Assignment = Exactly reproduce the lines of the listing below from the one containing "Surraiya Naik, cabeza" through the one containing "普鲁滕Haus Pruchten的黑色屋顶的白色房子". Skip the images.

Supplied records =
★ ★ ★
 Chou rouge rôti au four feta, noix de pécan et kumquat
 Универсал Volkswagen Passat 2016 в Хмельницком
★ ★ ★
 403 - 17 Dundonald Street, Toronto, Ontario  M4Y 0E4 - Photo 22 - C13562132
★ ★ ★
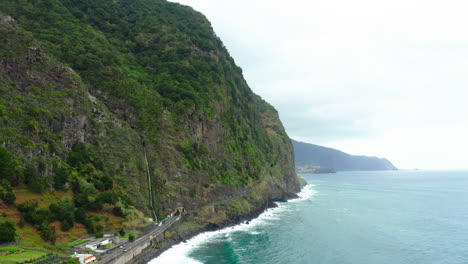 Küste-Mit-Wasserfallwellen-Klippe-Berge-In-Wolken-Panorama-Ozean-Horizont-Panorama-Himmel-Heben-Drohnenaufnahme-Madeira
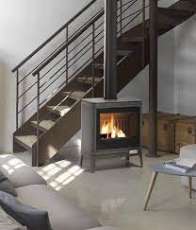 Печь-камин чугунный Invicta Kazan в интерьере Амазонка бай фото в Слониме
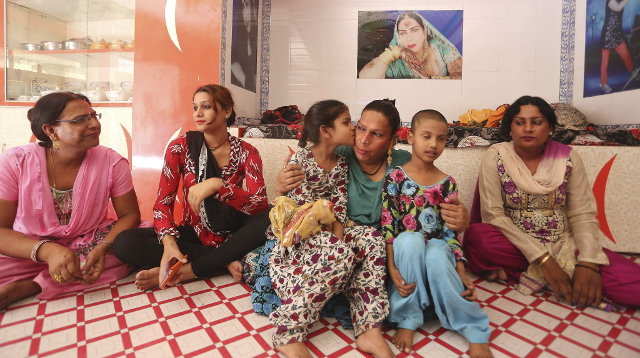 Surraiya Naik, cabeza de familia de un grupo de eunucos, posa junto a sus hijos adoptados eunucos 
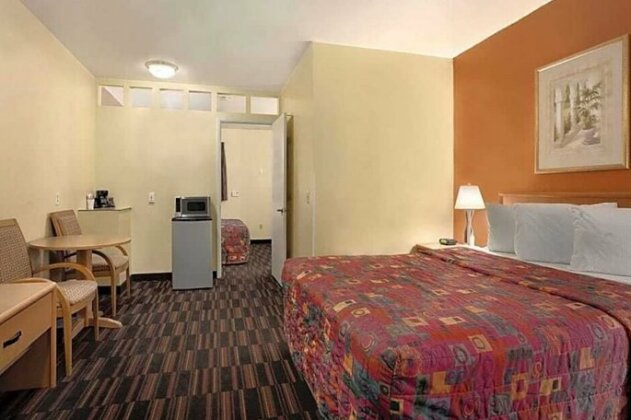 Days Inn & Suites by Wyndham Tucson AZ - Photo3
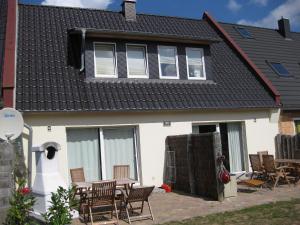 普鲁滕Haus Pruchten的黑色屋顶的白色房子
★ ★ ★
Your response =
 Surraiya Naik, cabeza de familia de un grupo de eunucos, posa junto a sus hijos adoptados eunucos 
 Days Inn & Suites by Wyndham Tucson AZ - Photo3
 普鲁滕Haus Pruchten的黑色屋顶的白色房子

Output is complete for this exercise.